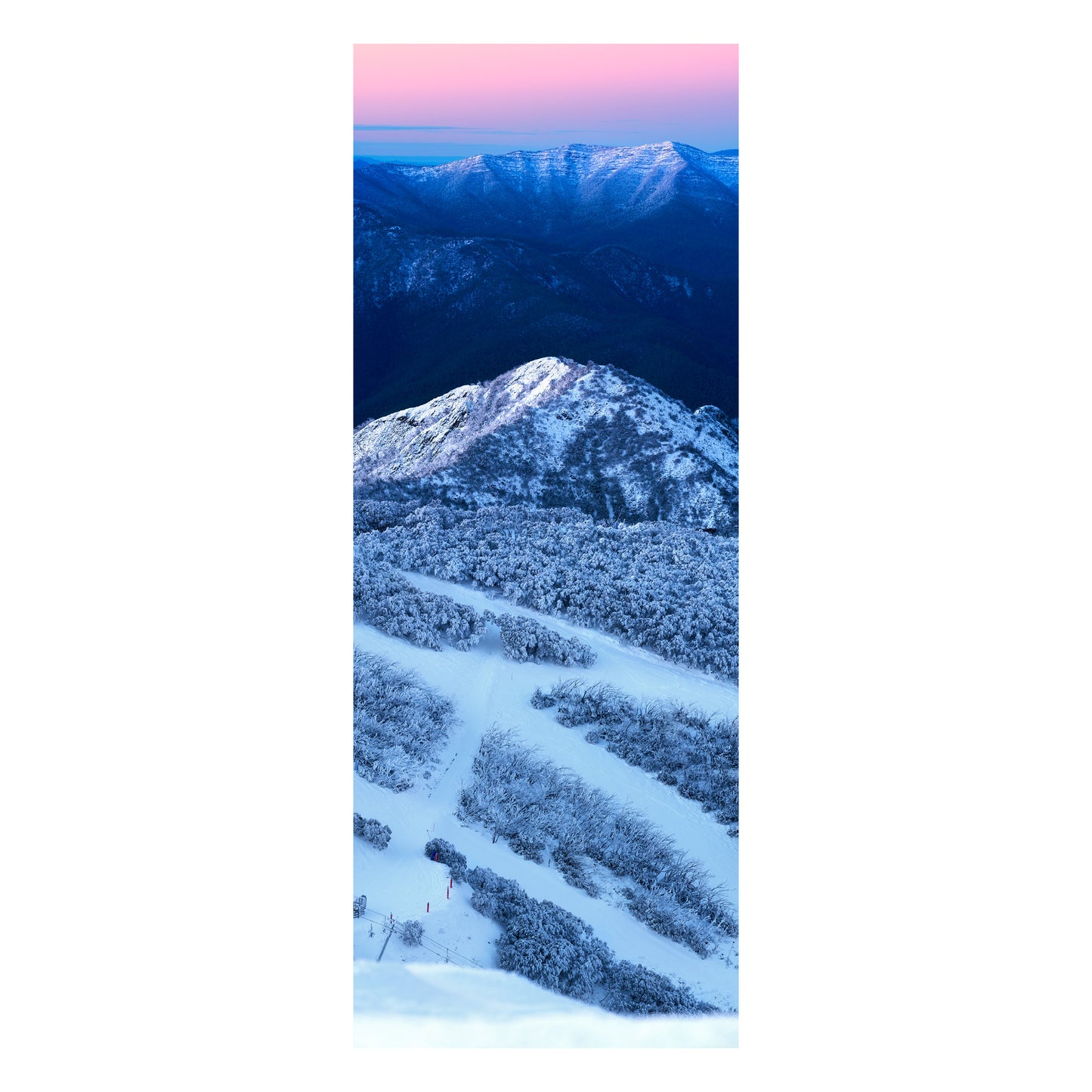Tall Little Buller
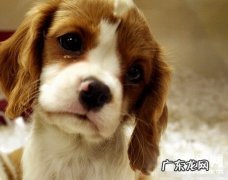 小狗感柒梨型鞭毛虫的病症、治疗方法及防范措施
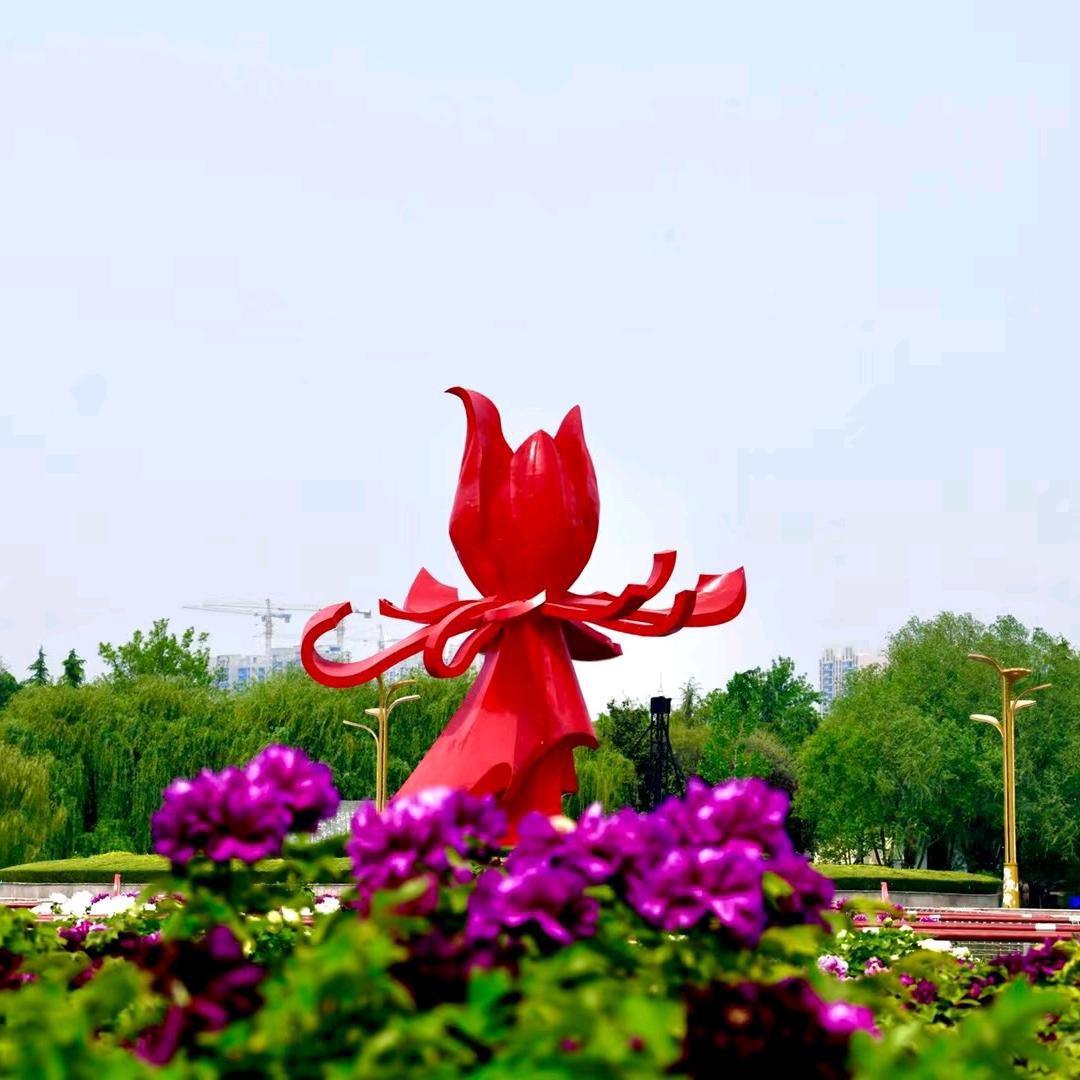 国花牡丹芍药种植基地山东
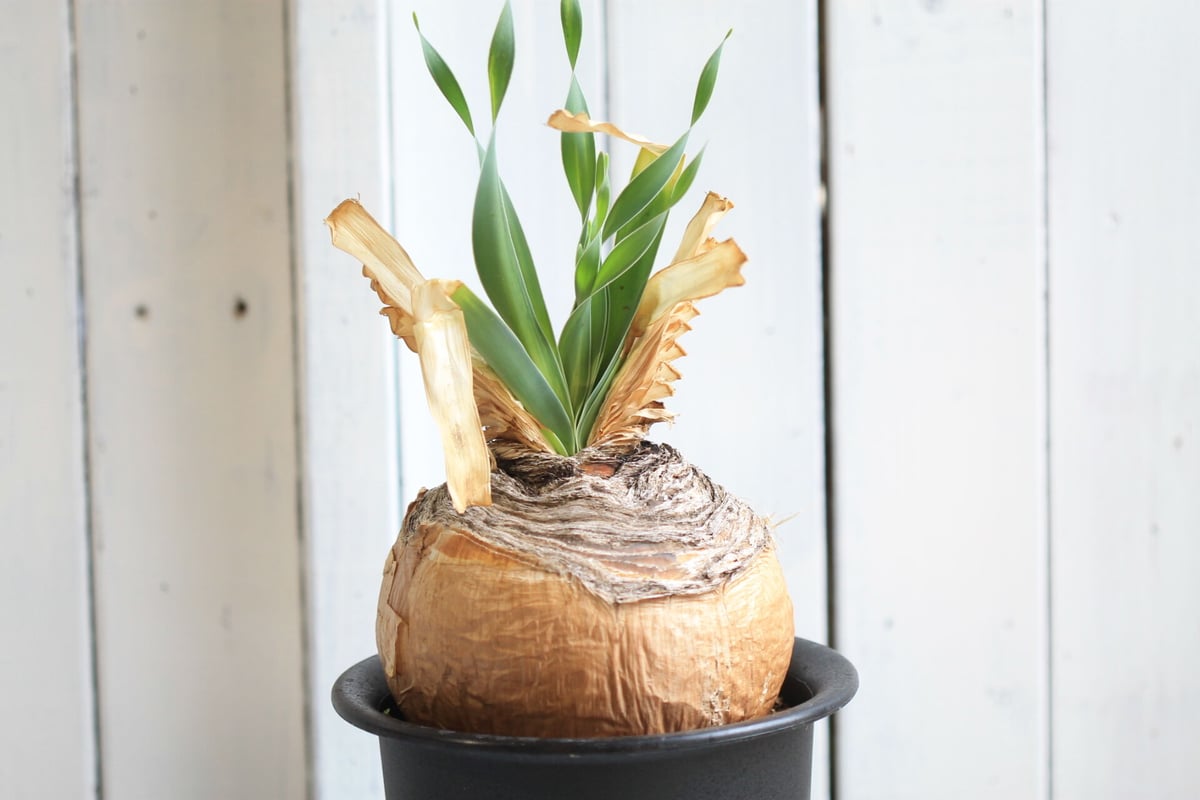 き*ん様 ブーファン ディスティチャ 花芽付き 期間限定でブーファン・ディスティチャの種子を販売中 例年通り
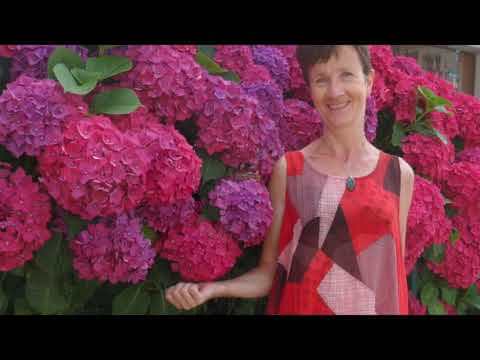 Stage Taichi Dinard 2020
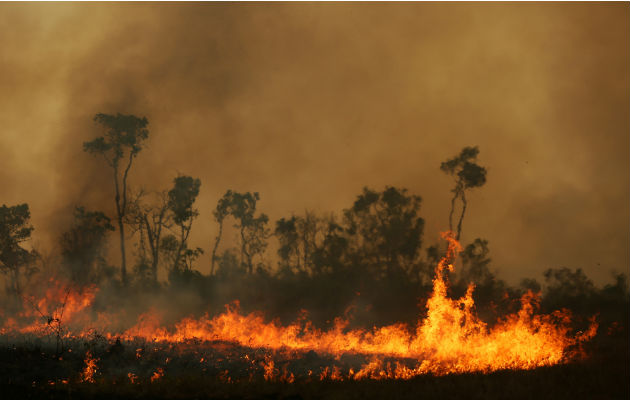 Ambientalistas dicen que líderes mundiales y corporativos deben ser criminalmente responsables de los desastres ecológicos. Una escena del estado brasileño de Amazonas, este mes. Foto/ Bruno Kelly/Reuters.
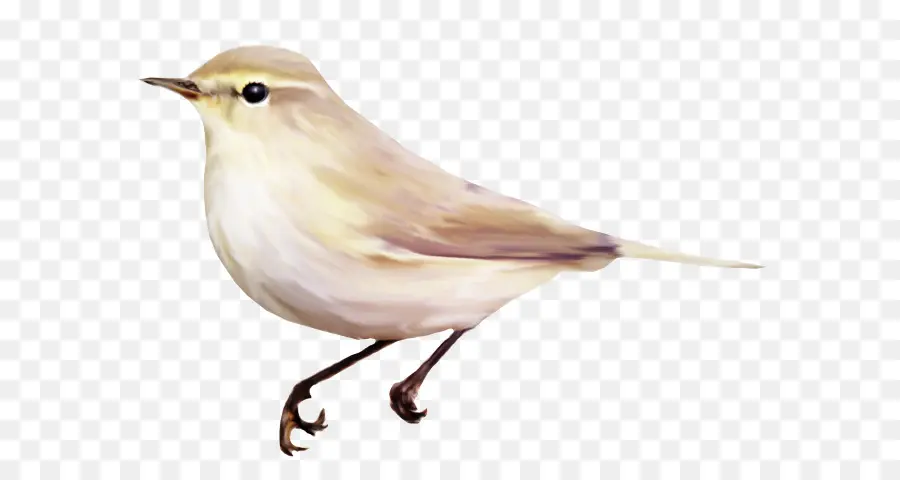 Pájaro，Color PNG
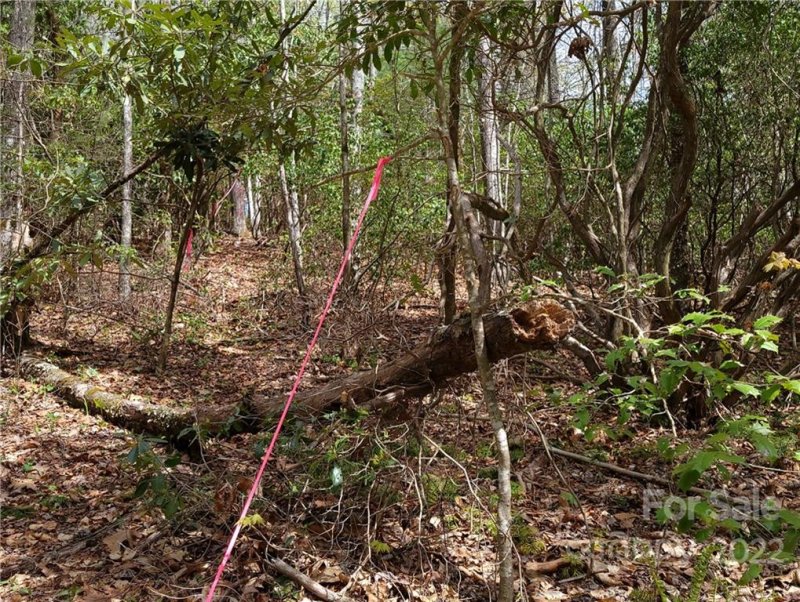 Property image 5 at L302 Lynn Crest Drive, Brevard, NC 28712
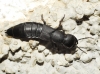 Ocypus olens (O. Muller, 1764)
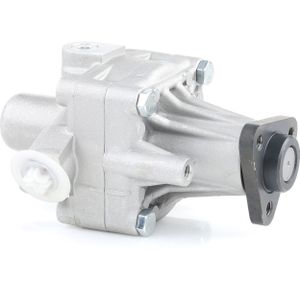 RIDEX Stuurbekrachtigingspomp VW,AUDI 12H0031 8D0145155L,8D0145156A,8D0145156M Stuurpomp,Servopomp,Hydraulische pomp, besturing 8D0145156X,8D0145156
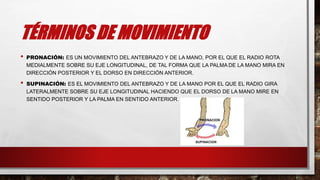 TÉRMINOS DE MOVIMIENTO
• PRONACIÓN: ES UN MOVIMIENTO DEL ANTEBRAZO Y DE LA MANO, POR EL QUE EL RADIO ROTA
MEDIALMENTE SOBRE SU EJE LONGITUDINAL, DE TAL FORMA QUE LA PALMA DE LA MANO MIRA EN
DIRECCIÓN POSTERIOR Y EL DORSO EN DIRECCIÓN ANTERIOR.
• SUPINACIÓN: ES EL MOVIMIENTO DEL ANTEBRAZO Y DE LA MANO POR EL QUE EL RADIO GIRA
LATERALMENTE SOBRE SU EJE LONGITUDINAL HACIENDO QUE EL DORSO DE LA MANO MIRE EN
SENTIDO POSTERIOR Y LA PALMA EN SENTIDO ANTERIOR.
 
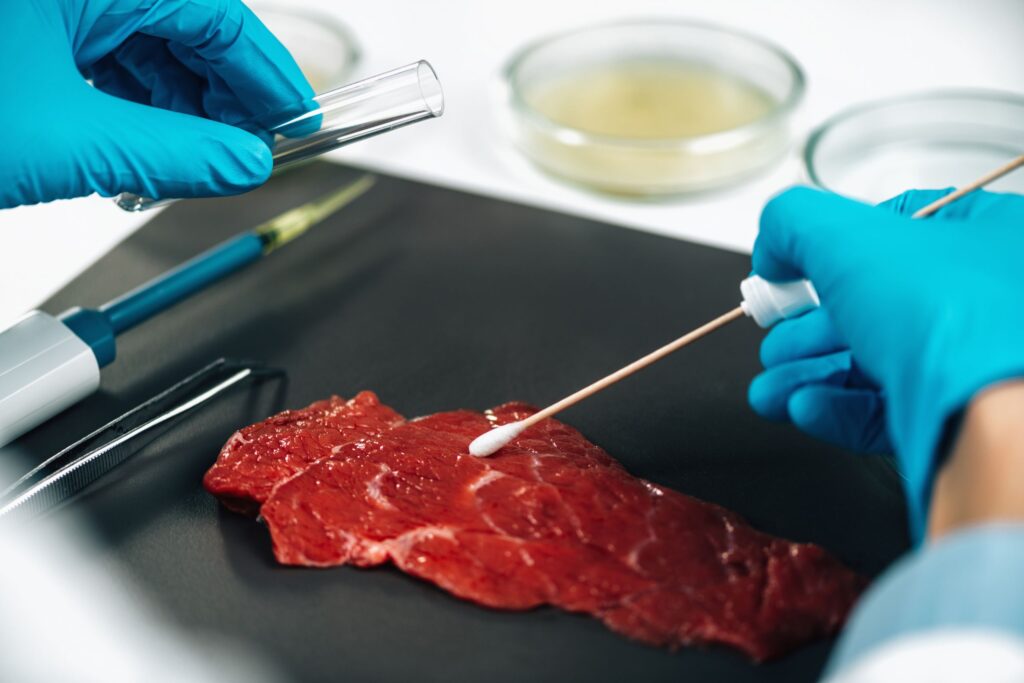 Scientist's hand analyzing a small meat sample, emphasizing detection and control of Salmonella contamination.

=== Directions for this task ===
Go from the first line of the data above to the line containing "Ocypus olens (O. Muller, 1764)" and retype exactly those lines, both included, but none of the pictures.

=== Written solution ===
Tall Little Buller
 小狗感柒梨型鞭毛虫的病症、治疗方法及防范措施
 国花牡丹芍药种植基地山东
 き*ん様 ブーファン ディスティチャ 花芽付き 期間限定でブーファン・ディスティチャの種子を販売中 例年通り
 Stage Taichi Dinard 2020
 Ambientalistas dicen que líderes mundiales y corporativos deben ser criminalmente responsables de los desastres ecológicos. Una escena del estado brasileño de Amazonas, este mes. Foto/ Bruno Kelly/Reuters.
 Pájaro，Color PNG
 Property image 5 at L302 Lynn Crest Drive, Brevard, NC 28712
 Ocypus olens (O. Muller, 1764)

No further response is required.